How to write stream chunk by chunk with callbacks

1,357 views
Skip to first unread message

Alexey Petrushin

unread,
Oct 13, 2012, 5:17:13 AM10/13/12
to nod...@googlegroups.com
I don't quite understand how steam pause/resume works, or more exactly - how to use it in simple manner. It's necessary to use it in situations when the read stream produces data faster than the write stream can consume. 

I need to write custom stream implementation and writing it with proper handling of `pause/resume` functionality seems not a very easy task.

Plain callbacks seems simpler to me, can streams be somehow wrapped into a code like that ( code with highlighting https://gist.github.com/3883920 ) ?

    var copy = function(inputStream, outputStream, callback){
      var copyNextChunk = function(){
        inputStream.read(fuction(err, chunk){    
          if(err) return callback(err)
          // When chunk == null there's no data, copying is finished.
          if(!chunk) return callback()
          outputStream.write(chunk, function(err){
            // Callback called only when chunk of data 
            // delivered to the recipient and
            // we can send another one.
            if(err) return callback(err)
            copyNextChunk()
          })  
        })
      }
    }

Bruno Jouhier

unread,
Oct 13, 2012, 1:23:00 PM10/13/12
to nod...@googlegroups.com
I wrote a post about plain callback APIs for streams: http://bjouhier.wordpress.com/2012/07/04/node-js-stream-api-events-or-callbacks/

Mikeal Rogers

unread,
Oct 13, 2012, 1:31:09 PM10/13/12
to nod...@googlegroups.com
all of these are wrong.

inputStream.pipe(outputStream)
outputStream.on('close', callback)

--
Job Board: http://jobs.nodejs.org/
Posting guidelines: https://github.com/joyent/node/wiki/Mailing-List-Posting-Guidelines
You received this message because you are subscribed to the Google
Groups "nodejs" group.
To post to this group, send email to nod...@googlegroups.com
To unsubscribe from this group, send email to
nodejs+un...@googlegroups.com
For more options, visit this group at
http://groups.google.com/group/nodejs?hl=en?hl=en

Bruno Jouhier

unread,
Oct 13, 2012, 2:04:25 PM10/13/12
to nod...@googlegroups.com
What's wrong?

You'll find links to gists at the end of my post.

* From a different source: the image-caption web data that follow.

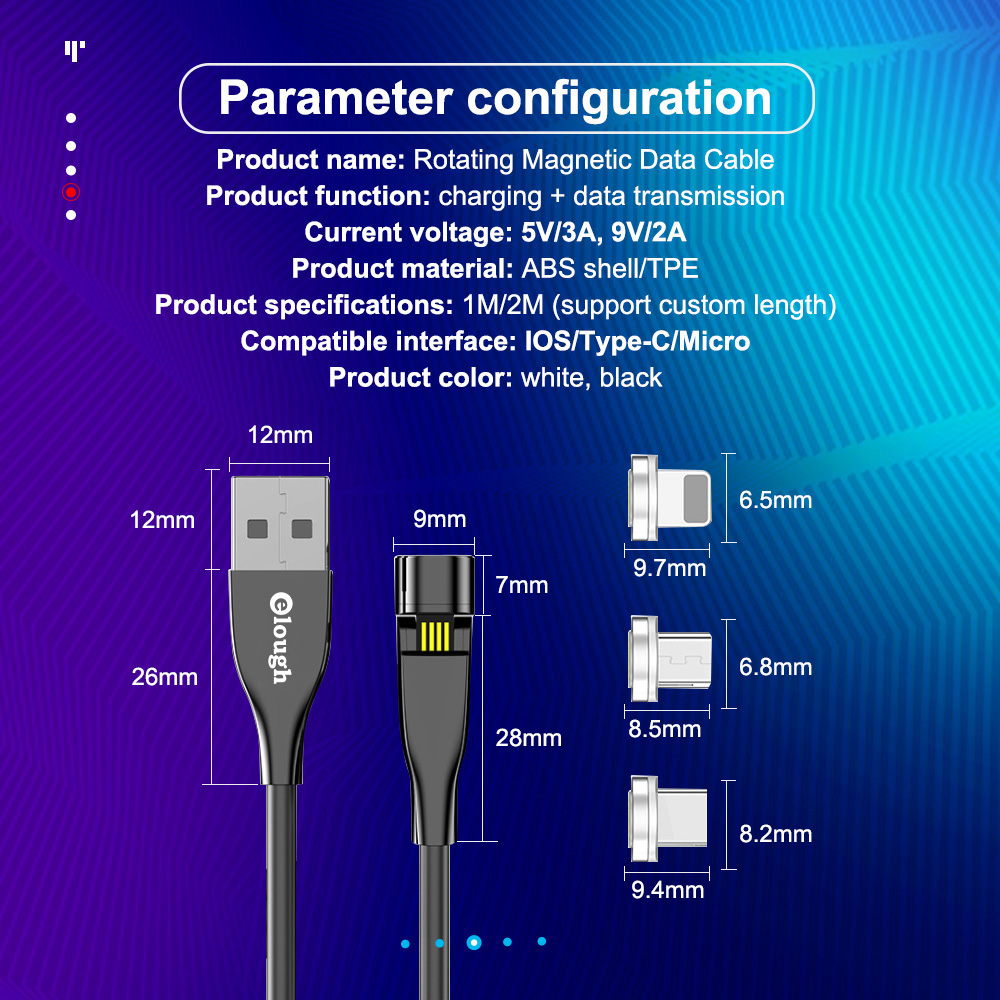 Dây Cáp Sạc Sạc Nhanh Elough Thiết Kế Đầu Nam Châm 3a Micro Usb Type C 540 Dài 1m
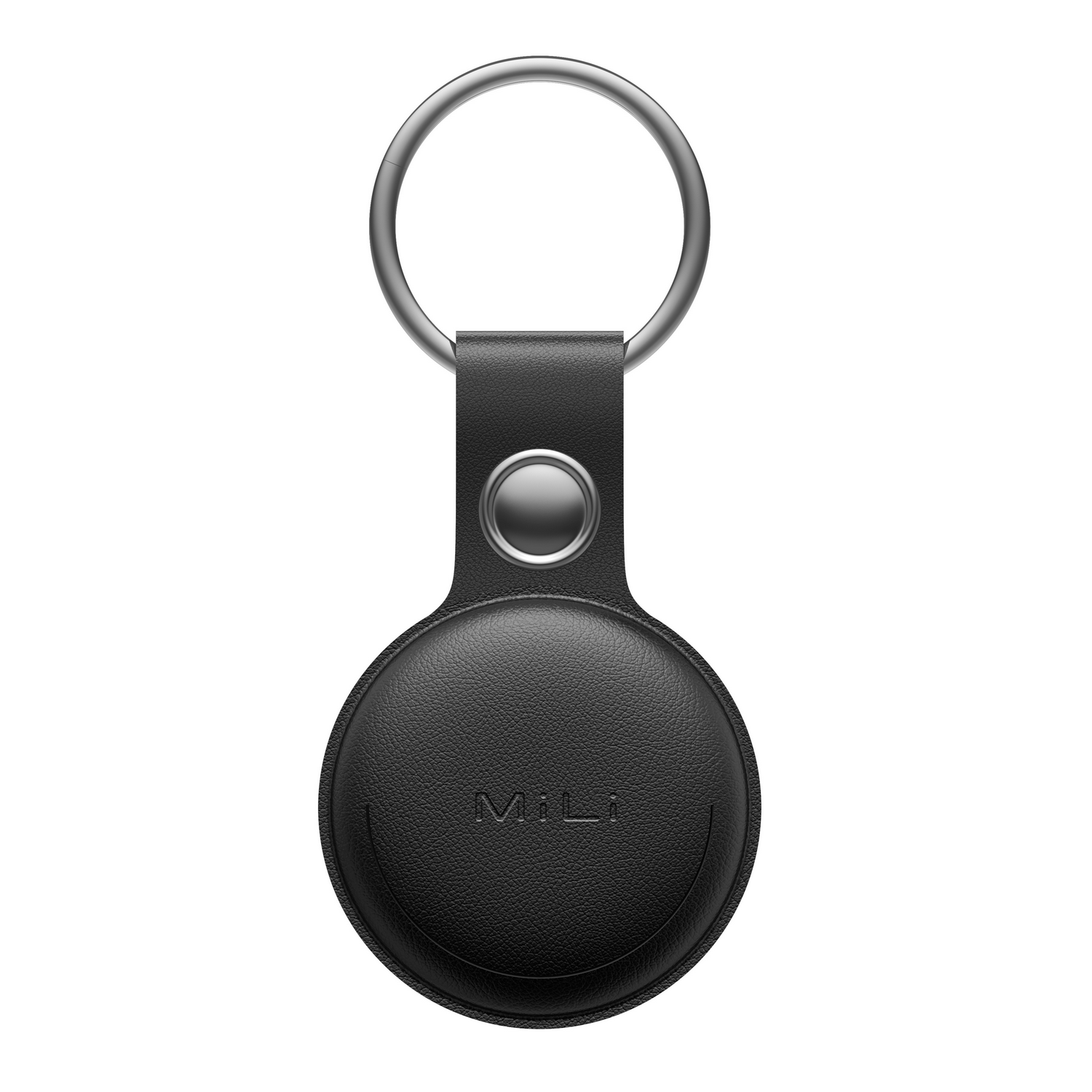 Black leather tag with a silver ring. The tag has the name MILI.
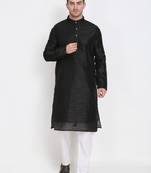 Men's raw silk black kurta with cotton pant set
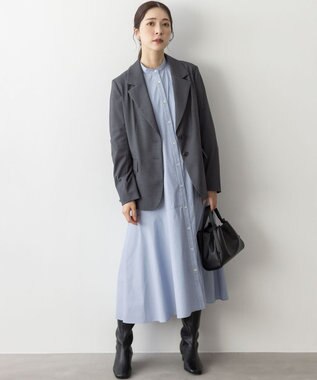 組曲 【加藤ローサさん着用】ハンサムツイル ジャケット チャコールグレー系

The code works!
And Alexey's pumping function is equivalent to the pumping loop I gave in my post.

Mikeal Rogers

unread,
Oct 13, 2012, 4:33:00 PM10/13/12
to nod...@googlegroups.com
i'm not engaging with your strawman Bruno.

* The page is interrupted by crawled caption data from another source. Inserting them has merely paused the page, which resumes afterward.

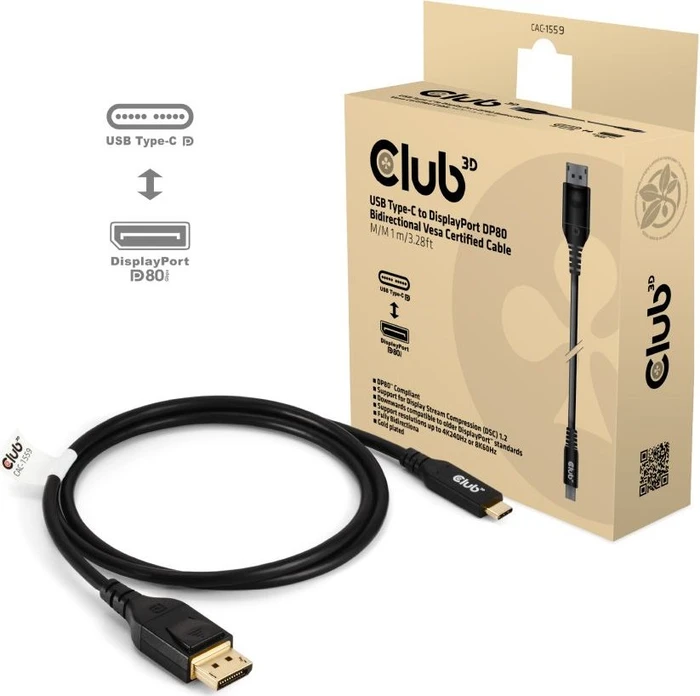 Club 3D USB Typ-C auf DisplayPort DP80 4K240Hz, 1m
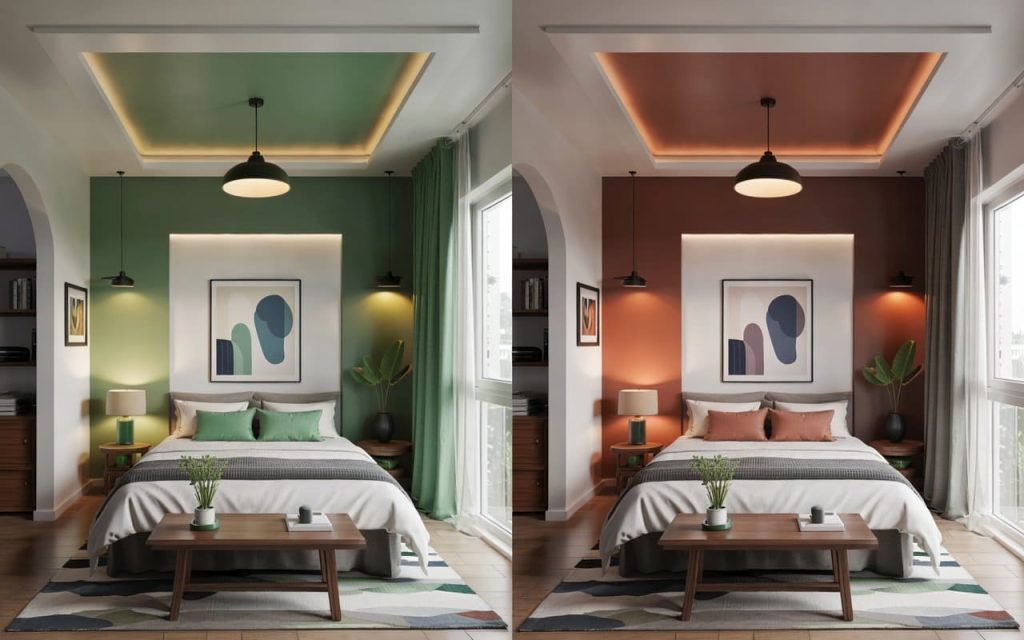 A compact pop design for room showing a single-layered tray with green and terracotta accents.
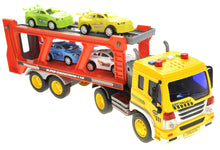 Load image into Gallery viewer, 1:16 2-In-1 Friction Powered Transporter Truck With Lights And Sounds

i showed how we *actually* move data in node. this is not a debate, that's how it works. if anyone wants to use node, or write a module that has a stream that moves data, that's how they do it.

this was a question, not an open invitation for bikeshedding. please let the list answer questions.

Isaac Schlueter

unread,
Oct 13, 2012, 6:19:07 PM10/13/12
to nod...@googlegroups.com
This is a good time to mention streams2, I think.

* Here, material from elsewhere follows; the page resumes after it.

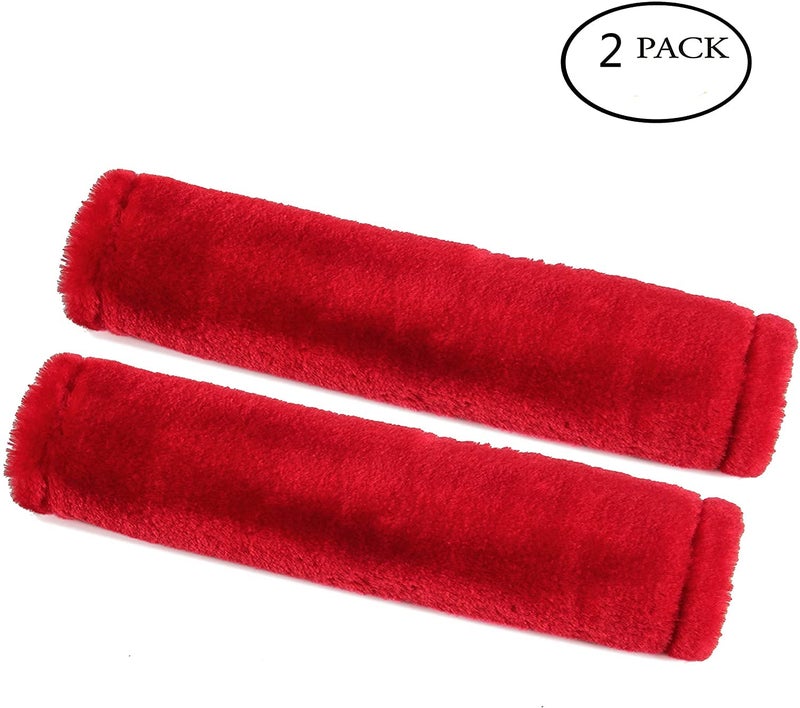 KOZI PET Soft Faux Sheepskin Seat Belt Shoulder Pad for a More Comfortable Driving, Compatible with Adults Youth Kids - Car, Truck, SUV, Airplane,Carmera Backpack Straps 2 Packs Red - Image 2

Caveat: There've been some discussions about this API. If you missed
those discussions, I'm sorry, but we're not going to have them again.
The base implementation is finished, and the integration with
node-core is close to being released. This is a "telling" message,
not an "asking" message :)

In 0.10, the Readable Stream interface is getting a massive overhaul.
Other streams (Duplexes, Writable streams, etc) are also getting
revamped considerably, so that they use the same base classes and
provide much more consistent events.

All the changes are being done such that the previous API continues to
work. However, if you attach a 'data' event handler, or call pause()
or resume(), then the stream switches into "old-mode", and will behave
like old streams. (However, it'll behave appropriately, with pause()
buffering like you almost always want it to, and so on.)

There is no pause/resume. There is no 'data' event. There is a read()
method, and a 'readable' event. You call read() until it returns
null, and then wait for a readable event to tell you it's time to
read() more. This is very symmetric to calling write() until it
returns false, and then waiting for the 'drain' event to tell you to
write() more.

In order to control how much you read, you can call read(n) with a
number of bytes (or characters if you've done a setEncoding() call in
the past) to return. If that many bytes aren't available, then it'll
return null, and emit 'readable' when they are.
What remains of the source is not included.